Ukraine reformiert Baustandards: Mehr Barrierefreiheit für alle.

Ukraine reformiert Baustandards: Mehr Barrierefreiheit für alle
Ukraine reformiert Baustandards: Mehr Barrierefreiheit für alle

Reform der Bauvorschriften in der Ukraine

Nach Angaben von Novyny.live: Die Ukraine modernisiert derzeit ihre Bauvorschriften, um die Barrierefreiheit für Menschen mit Behinderungen deutlich zu verbessern. Eine Überprüfung von 33 Normen ergab, dass bereits 52 Prozent Anforderungen an Zugänglichkeit berücksichtigen. Konkret werden die Normen DBN V.2.2-15-2019 und DBN V.2.2-9:2018 überarbeitet, um ein inklusiveres Umfeld für alle Bürger zu schaffen. Diese Anpassung ist ein wichtiger Schritt zur Umsetzung der UN-Behindertenrechtskonvention.

Diese Bereiche sind betroffen

Die Neuregelungen betreffen zahlreiche Aspekte des Bauwesens, insbesondere:

  • Höfe und Zugänge von Wohngebäuden;
  • öffentliche Einrichtungen, Kultur- und Sportstätten sowie Dienstleistungsbetriebe.

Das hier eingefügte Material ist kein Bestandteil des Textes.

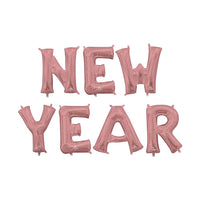 Anagram 16 inch NEW YEAR - ANAGRAM LETTERS KIT (AIR-FILL ONLY) Foil Balloon KT-400586-A-P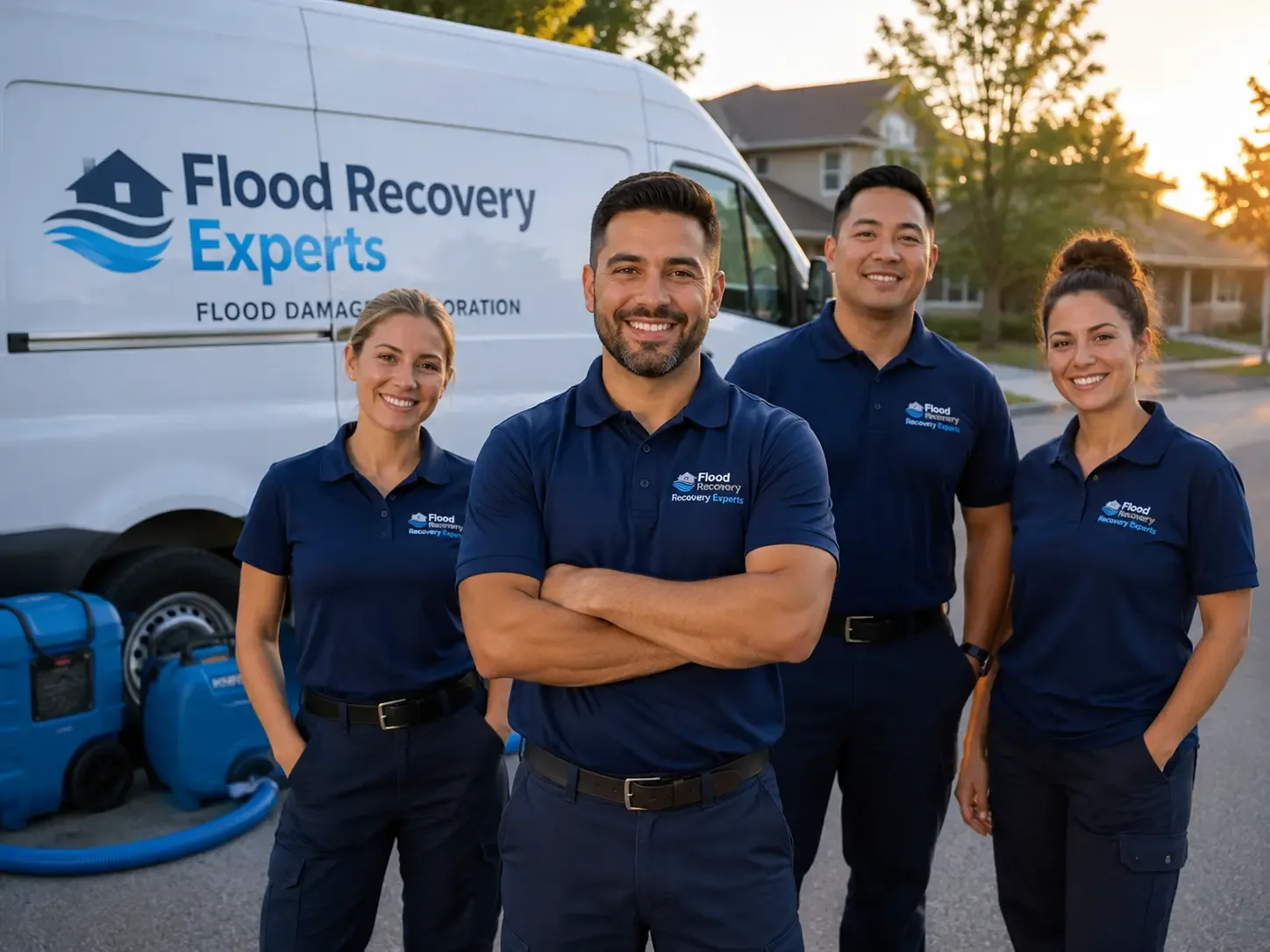 Flood Damage Cleanup company in Huron, CA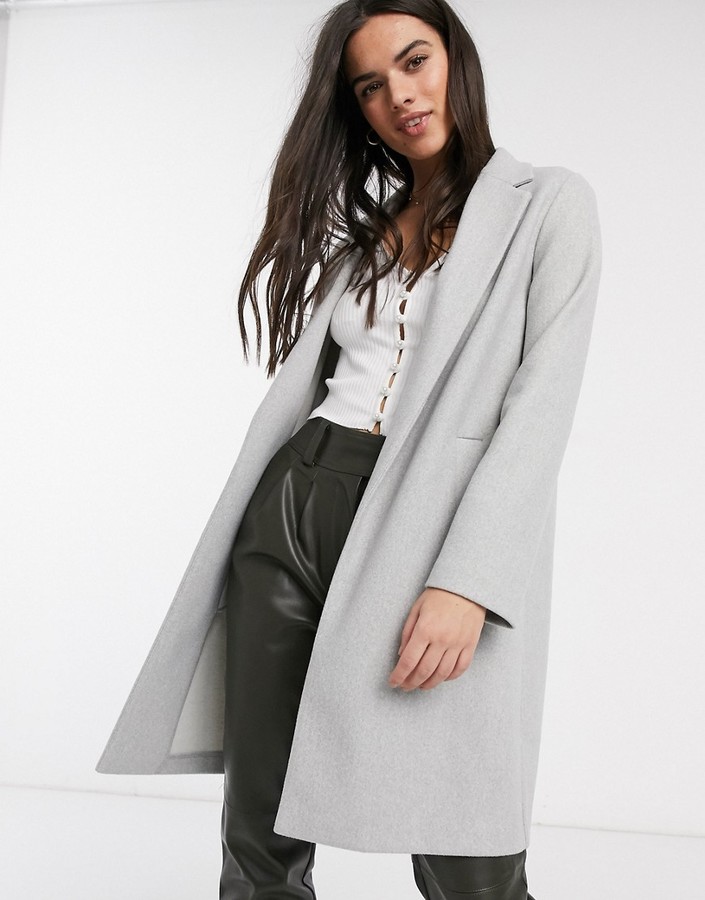 stradivarius coat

Unter anderem sind die doppelte Ausweisung von Informationen in Brailleschrift und akustische Ansagen vorgesehen, was Menschen mit Sehbehinderung die Orientierung erleichtern wird.

Zu den konkreten Änderungen in den Bauvorschriften zählen:

  • Die Gestaltung von Hofbereichen und Wegen ohne Hindernisse;
  • taktile und visuelle Leitelemente;
  • angepasste Maße für Aufzüge für Rollstuhlfahrende;
  • die Sicherstellung barrierefreier Korridore, Aufzüge und Rampen;
  • Systeme für visuelle und akustische Alarmierung;
  • ausreichend Platz für Rollstuhlfahrende in Sälen und Cafés;
  • spezielle Regelungen für die Evakuierung aus Hochhäusern.

Wir aktualisieren die Bauvorschriften systematisch und präzisieren die Anforderungen an Barrierefreiheit so detailliert wie möglich, damit die Veränderungen im Alltag auch wirklich wirken.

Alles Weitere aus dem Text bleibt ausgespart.